Alibaba's version of GPT-4o is now available, allowing you to accurately Photoshop images in one sentence, for free

This article is machine translated

Show original

On the night of June 27th, Alibaba launched the Qwen VLo multimodal unified understanding and generation model. The model not only can "understand" the world but can also perform high-quality re-creation based on understanding, with three key highlights: more accurate understanding and generation, support for open instruction image editing, and multilingual instruction support.

Users can now access the model through Qwen Chat (preview version), such as directly sending prompts like "generate a cute cat image" to create images, or uploading a cat image and requesting "add a hat on the cat's head" to modify the image.

Qwen VLo generates images through a progressive generation method. During the generation process, the model continuously adjusts and optimizes predicted content, ensuring the final result is more harmonious and consistent, enhancing visual effects while providing a more flexible and controllable creative experience.

More Accurate Understanding and Generation, Supporting Open Instruction Image Modification

[The rest of the translation follows the same approach, maintaining the original structure and translating all text while preserving HTML tags and image sources.]

User: Generate a desktop filled with fruits

Qwen VLo:

User: Predict edge detection image

Qwen VLo:

User: Segment the banana's edges with a red mask

Qwen VLo:

5. Qwen VLo can support input understanding and generation of multiple images. (The multi-image input function has not been officially launched yet)

User: Put these bathroom items into this red basket

Qwen VLo:

6. In addition to simultaneous text and image input, Qwen VLo also supports direct text-to-image generation, including general images and Chinese and English posters.

User: Epic anime artwork of a wizard atop a mountain at night casting a cosmic spell into the dark sky that says "Qwen VLo!" made out of colorful energy

(An epic anime artwork: At night, a wizard stands on a mountain top, casting a cosmic spell into the dark sky, with the words "Qwen VLo!" formed by colorful energy appearing in the night sky.)

Qwen VLo:

7. Qwen VLo supports image generation with dynamic aspect ratios, easily handling extremely elongated images with aspect ratios up to 4:1 or 1:3. (Extreme aspect ratio image generation function has not been officially launched yet.)

User: Anime illustration; watercolor hand-drawn; foreground is a grass slope with a person running dynamically, then thick white clouds; blue background; multiple color gradient layers; smooth and harmonious transition

Qwen VLo:

8. As a unified understanding and generation model, Qwen VLo can also re-analyze and understand the generated content, such as identifying dog and cat breeds in generated images.

User: Generate a puppy and a kitten.

Qwen VLo:

User: What breed of cat and dog is this?

Qwen VLo:

Conclusion: Unified Understanding and Generation, Upgrading Image Description

Qwen VLo has innovatively introduced a new progressive generation mechanism that not only improves generation efficiency but is also suitable for long-paragraph text generation tasks requiring fine control.

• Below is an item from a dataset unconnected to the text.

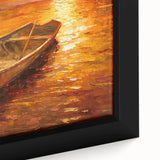 Extra large black wall art featuring a close-up of a colorful, textured rowboat, ideal for living room decor.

At the same time, Qwen VLo is still in the preview stage, and during the generation process, there may be issues such as inconsistencies with facts, lack of complete consistency with the original image, non-compliance with instructions, and unstable recognition and understanding of generated images.

In the future, models will not only be able to answer questions with text but also convey ideas and meanings through images. For example, functions such as generating diagrams, adding auxiliary lines, and marking key areas will provide users with more diverse communication methods.

Meanwhile, multi-modal models with output capabilities also provide researchers with new supervision methods. Through generation tasks, they can better help models understand the world.

This article is from the WeChat public account "Zhidongxi" (ID: zhidxcom), authored by Li Shuiqing, and published with authorization from 36Kr.

Source

Disclaimer: The content above is only the author's opinion which does not represent any position of Followin, and is not intended as, and shall not be understood or construed as, investment advice from Followin.

Add to Favorites

Comments

Relevant content

Followin News

The tokenization of US stocks is irreversible! The season of copycats is over, and the charm of digging for gold in the "intersection of stocks and coins" is here

Followin News

Is Bitcoin going to pull back? Why are people calling for a short position? What are the traders on Followin Trading Strategy Square saying?

BTC

0.9%

Followin Original Work

Robinhood enters the US stock market on the blockchain. What are the concept coins? Is the US stock market blood-sucking copycat more dangerous?